Historian J.E. Smyth challenges the idea that Hollywood has always been dominated by men, charting the deep involvement of women in all aspects of the film industry in the Golden Age of cinema.
Film buffs will delight in discovering the lives and careers of Oscar-winning film editors Anne Bauchens (who edited every Cecil B. DeMille film from 1918 to 1956) and Barbara McLean (All About Eve), producer/writer Virginia Van Upp (Gilda) and many others. Smyth's appreciation of producer/screenwriter Joan Harrison (Rebecca) removes her from the shadow of her mentor, Alfred Hitchcock. Nobody's Girl Friday is an energetic, surprising and vital book that uncovers and celebrates the accomplishments of women who created film history from the 1920s to the 1960s
Smyth’s book is something of a revelation, even for readers who enjoy a steady diet of films on Turner Classic Movies. Scouring studio newsletters and company directories, she surfaces the names of women who held prominent positions in the film industry, including agents, writers and producers. Far from being a boy’s club, 1930s Hollywood was pretty inclusive; Smyth cites a 1934 report claiming that women made up 40 percent of the workforce at the large studios at the time ... Many women were put on blacklists like the one that kept [Mary] McCall from working in film, though the author doesn’t provide much evidence that conservative groups disproportionately targeted women ... Smyth makes a more compelling case that female executives simply have been written out of the lore of the golden age of Hollywood ... In their zeal to call out sexism, feminists may have inadvertently helped erase women from the history books.

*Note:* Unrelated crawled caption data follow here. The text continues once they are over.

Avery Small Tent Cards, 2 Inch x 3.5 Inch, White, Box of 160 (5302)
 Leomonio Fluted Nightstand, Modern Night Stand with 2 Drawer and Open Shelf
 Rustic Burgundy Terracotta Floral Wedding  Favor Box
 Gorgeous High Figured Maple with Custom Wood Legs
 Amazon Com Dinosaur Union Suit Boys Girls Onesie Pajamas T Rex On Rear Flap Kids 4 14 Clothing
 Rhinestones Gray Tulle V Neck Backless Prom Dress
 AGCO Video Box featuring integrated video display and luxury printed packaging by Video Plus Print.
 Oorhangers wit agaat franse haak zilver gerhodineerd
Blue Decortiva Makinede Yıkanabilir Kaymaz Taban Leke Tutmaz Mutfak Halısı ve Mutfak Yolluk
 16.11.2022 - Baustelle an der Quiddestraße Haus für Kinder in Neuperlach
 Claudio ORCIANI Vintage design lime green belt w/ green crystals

Ms. Smyth’s exposition is varyingly successful. She is less than engaging when, in a reach for inclusivity, she presents evidence in the form of long lists of women employees’ names ... Her arguments are far more persuasive when they emerge through portraits of individual women ... Engrossing as these mini-biographies are, elsewhere Ms. Smyth’s eagerness to prove her empowerment thesis leads to distracting hyperbole ... There are some odd elisions as well. Ms. Smyth barely mentions the significant influence of émigré women ... The strongest argument in Nobody’s Girl Friday is perhaps the most important: that achievement in Hollywood depends on networks and alliances, often created by chance.